**Brief**
Set down, character for character, everything in the records below from the line holding "Cat Toy Butterfly" down to the line holding "Men Training White M D2M POLO", and no other line.

**Provided data**
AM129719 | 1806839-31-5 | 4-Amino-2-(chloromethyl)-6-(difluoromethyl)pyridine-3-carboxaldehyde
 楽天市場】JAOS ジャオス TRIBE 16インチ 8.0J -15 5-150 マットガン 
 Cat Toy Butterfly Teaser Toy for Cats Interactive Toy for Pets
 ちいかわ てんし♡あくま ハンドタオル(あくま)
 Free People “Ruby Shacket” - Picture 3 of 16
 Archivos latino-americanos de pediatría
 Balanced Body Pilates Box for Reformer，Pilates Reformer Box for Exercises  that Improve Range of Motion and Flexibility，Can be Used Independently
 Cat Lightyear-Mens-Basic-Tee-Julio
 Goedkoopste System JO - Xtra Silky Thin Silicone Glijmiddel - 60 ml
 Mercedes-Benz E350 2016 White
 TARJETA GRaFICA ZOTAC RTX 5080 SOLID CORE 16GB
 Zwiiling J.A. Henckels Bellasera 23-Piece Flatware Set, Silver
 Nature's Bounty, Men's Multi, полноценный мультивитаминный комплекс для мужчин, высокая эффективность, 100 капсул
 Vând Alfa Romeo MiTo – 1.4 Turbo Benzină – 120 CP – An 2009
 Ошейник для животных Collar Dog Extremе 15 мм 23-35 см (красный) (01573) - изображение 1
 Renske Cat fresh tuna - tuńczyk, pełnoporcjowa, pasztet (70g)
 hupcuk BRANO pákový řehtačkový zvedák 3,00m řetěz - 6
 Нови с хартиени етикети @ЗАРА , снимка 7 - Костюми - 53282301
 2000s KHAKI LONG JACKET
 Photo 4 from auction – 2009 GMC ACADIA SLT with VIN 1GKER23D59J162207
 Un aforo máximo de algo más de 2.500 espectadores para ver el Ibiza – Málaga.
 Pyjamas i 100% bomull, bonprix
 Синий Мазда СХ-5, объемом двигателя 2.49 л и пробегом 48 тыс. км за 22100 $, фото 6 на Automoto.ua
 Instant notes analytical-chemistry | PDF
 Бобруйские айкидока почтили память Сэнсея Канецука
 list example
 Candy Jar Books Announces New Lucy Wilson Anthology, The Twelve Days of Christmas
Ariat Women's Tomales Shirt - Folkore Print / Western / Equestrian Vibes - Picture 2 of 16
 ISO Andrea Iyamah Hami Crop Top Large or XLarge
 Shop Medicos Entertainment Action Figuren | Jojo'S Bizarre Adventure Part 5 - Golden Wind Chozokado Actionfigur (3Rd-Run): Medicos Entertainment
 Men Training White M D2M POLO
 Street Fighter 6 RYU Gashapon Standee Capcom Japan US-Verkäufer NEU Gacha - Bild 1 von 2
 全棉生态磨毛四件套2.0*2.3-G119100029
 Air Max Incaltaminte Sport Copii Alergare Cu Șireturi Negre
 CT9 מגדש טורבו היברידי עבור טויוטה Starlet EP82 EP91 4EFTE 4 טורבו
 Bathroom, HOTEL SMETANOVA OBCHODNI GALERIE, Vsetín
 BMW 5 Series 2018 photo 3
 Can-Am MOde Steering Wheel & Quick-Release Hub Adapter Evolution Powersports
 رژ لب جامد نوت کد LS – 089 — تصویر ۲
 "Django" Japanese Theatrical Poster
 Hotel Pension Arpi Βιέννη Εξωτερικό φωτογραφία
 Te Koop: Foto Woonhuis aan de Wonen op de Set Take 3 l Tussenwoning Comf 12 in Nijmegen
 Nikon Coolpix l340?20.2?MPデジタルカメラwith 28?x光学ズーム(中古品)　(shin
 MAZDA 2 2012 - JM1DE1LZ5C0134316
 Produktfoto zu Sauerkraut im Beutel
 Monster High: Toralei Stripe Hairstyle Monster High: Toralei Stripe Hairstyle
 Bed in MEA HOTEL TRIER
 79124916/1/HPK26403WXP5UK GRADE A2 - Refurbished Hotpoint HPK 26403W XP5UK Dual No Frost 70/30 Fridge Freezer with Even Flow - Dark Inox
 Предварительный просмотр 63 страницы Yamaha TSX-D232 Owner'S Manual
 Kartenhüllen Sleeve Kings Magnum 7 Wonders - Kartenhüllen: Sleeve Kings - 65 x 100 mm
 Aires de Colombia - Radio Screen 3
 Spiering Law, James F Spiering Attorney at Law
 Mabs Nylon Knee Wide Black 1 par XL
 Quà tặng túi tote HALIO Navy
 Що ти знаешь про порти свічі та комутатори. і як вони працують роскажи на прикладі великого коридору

**Result**
 Cat Toy Butterfly Teaser Toy for Cats Interactive Toy for Pets
 ちいかわ てんし♡あくま ハンドタオル(あくま)
 Free People “Ruby Shacket” - Picture 3 of 16
 Archivos latino-americanos de pediatría
 Balanced Body Pilates Box for Reformer，Pilates Reformer Box for Exercises  that Improve Range of Motion and Flexibility，Can be Used Independently
 Cat Lightyear-Mens-Basic-Tee-Julio
 Goedkoopste System JO - Xtra Silky Thin Silicone Glijmiddel - 60 ml
 Mercedes-Benz E350 2016 White
 TARJETA GRaFICA ZOTAC RTX 5080 SOLID CORE 16GB
 Zwiiling J.A. Henckels Bellasera 23-Piece Flatware Set, Silver
 Nature's Bounty, Men's Multi, полноценный мультивитаминный комплекс для мужчин, высокая эффективность, 100 капсул
 Vând Alfa Romeo MiTo – 1.4 Turbo Benzină – 120 CP – An 2009
 Ошейник для животных Collar Dog Extremе 15 мм 23-35 см (красный) (01573) - изображение 1
 Renske Cat fresh tuna - tuńczyk, pełnoporcjowa, pasztet (70g)
 hupcuk BRANO pákový řehtačkový zvedák 3,00m řetěz - 6
 Нови с хартиени етикети @ЗАРА , снимка 7 - Костюми - 53282301
 2000s KHAKI LONG JACKET
 Photo 4 from auction – 2009 GMC ACADIA SLT with VIN 1GKER23D59J162207
 Un aforo máximo de algo más de 2.500 espectadores para ver el Ibiza – Málaga.
 Pyjamas i 100% bomull, bonprix
 Синий Мазда СХ-5, объемом двигателя 2.49 л и пробегом 48 тыс. км за 22100 $, фото 6 на Automoto.ua
 Instant notes analytical-chemistry | PDF
 Бобруйские айкидока почтили память Сэнсея Канецука
 list example
 Candy Jar Books Announces New Lucy Wilson Anthology, The Twelve Days of Christmas
Ariat Women's Tomales Shirt - Folkore Print / Western / Equestrian Vibes - Picture 2 of 16
 ISO Andrea Iyamah Hami Crop Top Large or XLarge
 Shop Medicos Entertainment Action Figuren | Jojo'S Bizarre Adventure Part 5 - Golden Wind Chozokado Actionfigur (3Rd-Run): Medicos Entertainment
 Men Training White M D2M POLO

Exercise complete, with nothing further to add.